* **What the task requires**: Every line of the data below should be repeated exactly, and no picture should be copied.

* **Source data**:

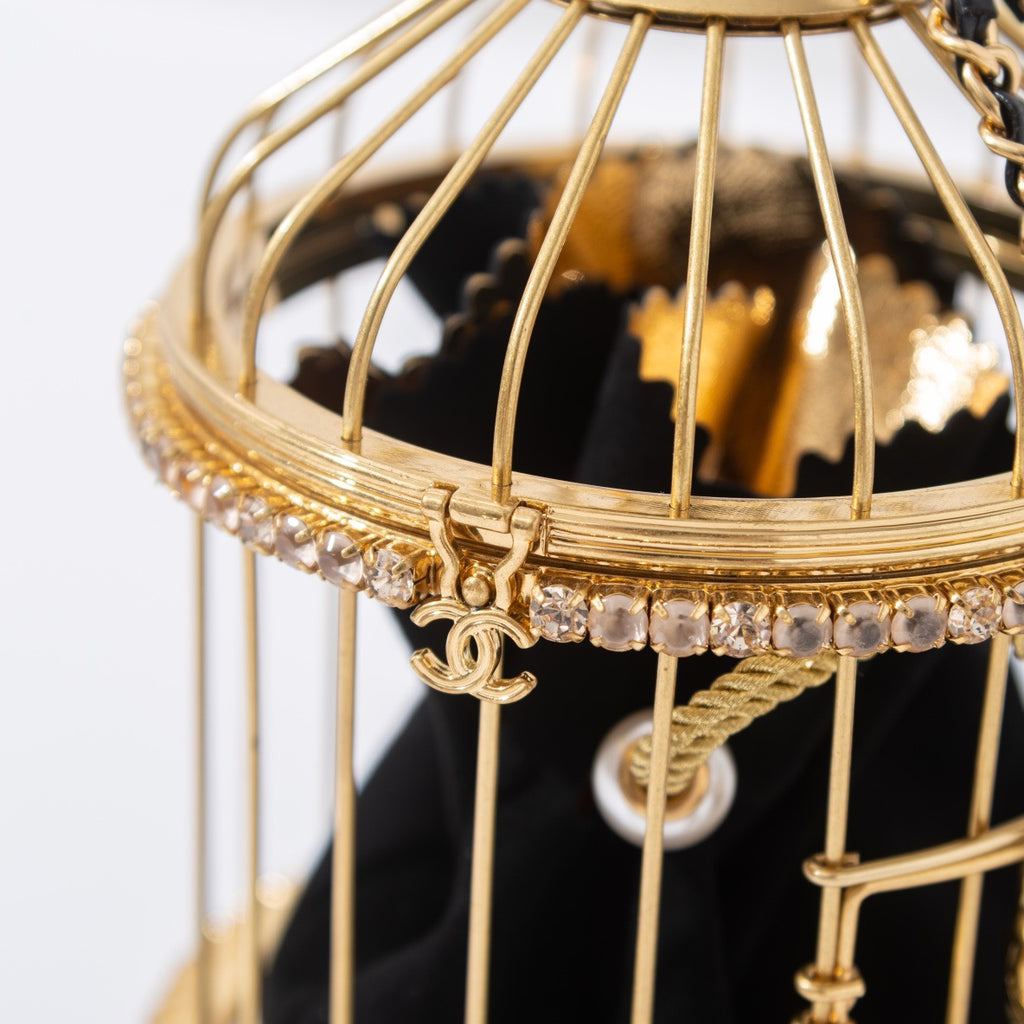 CHANEL - BIRD CAGE BAG RUNWAY EVENING BAG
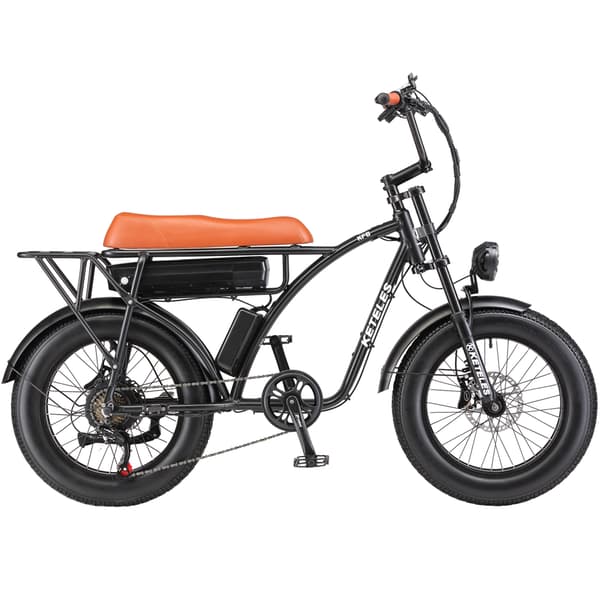 KETELES KF8 1000W/2000W Vuxen City Elcykel, Samsung 23AH Batteri, 20*4,0 Fat Tire, Shimano 7 Speed, Hydraulic Oil Skivbroms.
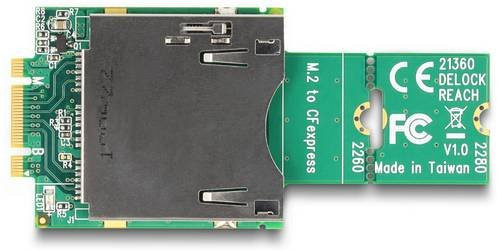 Delock Serieller Adapter M.2 Key B auf NVMe in Grün - Bild 1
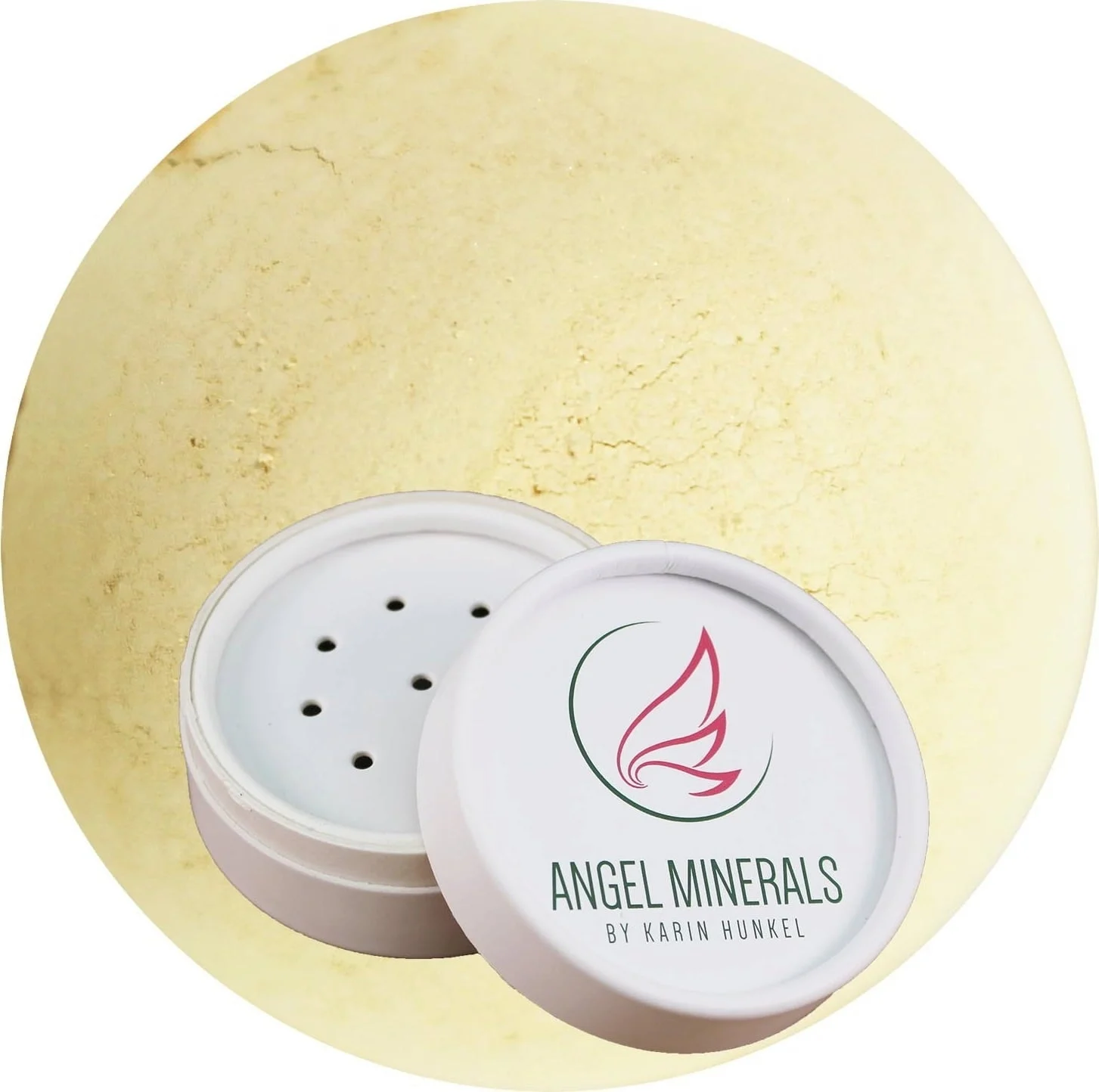 Angel minerals Vegan fondotinta minerale Y1 Satin Light (5 g)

* **Final answer**:
 CHANEL - BIRD CAGE BAG RUNWAY EVENING BAG
 KETELES KF8 1000W/2000W Vuxen City Elcykel, Samsung 23AH Batteri, 20*4,0 Fat Tire, Shimano 7 Speed, Hydraulic Oil Skivbroms.
 Delock Serieller Adapter M.2 Key B auf NVMe in Grün - Bild 1
 Angel minerals Vegan fondotinta minerale Y1 Satin Light (5 g)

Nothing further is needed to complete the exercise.